Look on this babe; and let thy pride take heed,
Thy pride of manhood, intellect or fame,
That thou despise him not; for he indeed,
And such as he in spirit and heart the same,
Are God's own children in that kingdom bright,
Where purity is praise, and where before
The Father's throne, triumphant evermore,
The ministering angels, sons of light,
Stand unreproved because they offer there,
Mixed with the Mediator's hallowing prayer,
The innocence of babes in Christ like this.
--M.F. Tupper.
Hannah was left alone with her sorrows and her mortifications.

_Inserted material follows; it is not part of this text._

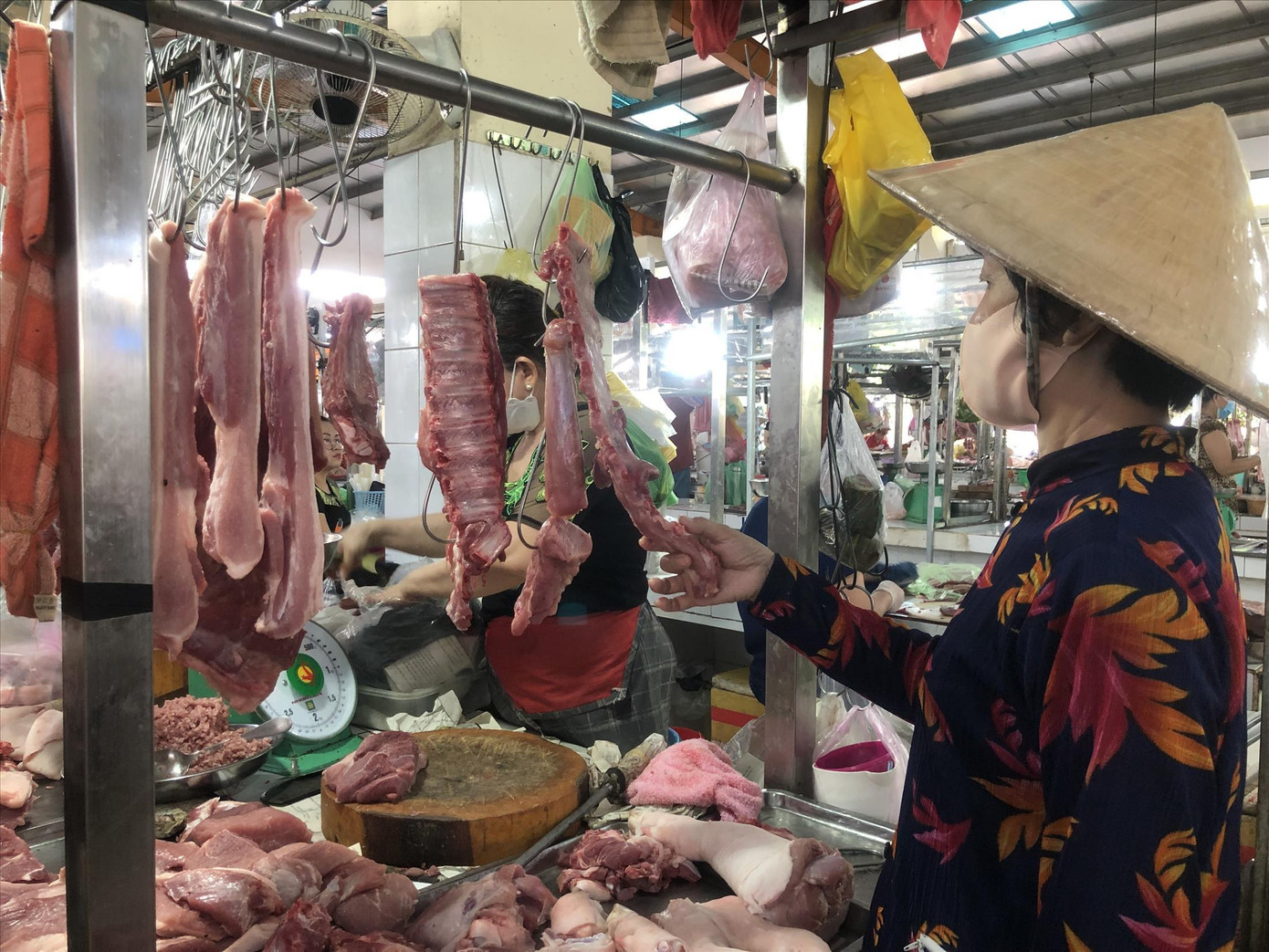 Nhiều mặt hàng tại chợ TPHCM vẫn neo ở mức giá cao, sức mua yếu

Never until now had she so intensely realized her bereavement and her
solitude. Nora was buried; and the few humble friends who had
sympathized with her were gone; and so she was alone with her great
troubles. She threw herself into a chair, and for the third or fourth
time that day broke into a storm of grief. And the afternoon had faded
nearly into night before she regained composure. Even then she sat like
one palsied by despair, until a cry of distress aroused her. It was the
wail of Nora's infant. She arose and took the child and laid it on her
lap to feed it. Even Hannah looked at it with a pity that was almost
allied to contempt.
It was in fact the thinnest, palest, puniest little object that had ever
come into this world prematurely, uncalled for, and unwelcome. It did
not look at all likely to live. And as Hannah fed the ravenous little
skeleton she could not help mentally calculating the number of its hours
on earth, and wishing that she had thought to request Mr. Wynne, while
he was in the house, to baptize the wretched baby, so little likely to
live for another opportunity. Nor could Hannah desire that it should
live. It had brought sorrow, death, and disgrace into the hut, and it
had nothing but poverty, want, and shame for its portion in this world;
and so the sooner it followed its mother the better, thought
Hannah--short-sighted mortal.
Had Hannah been a discerner of spirits to recognize the soul in that
miserable little baby-body!
Or had she been a seeress to foresee the future of that child of sorrow!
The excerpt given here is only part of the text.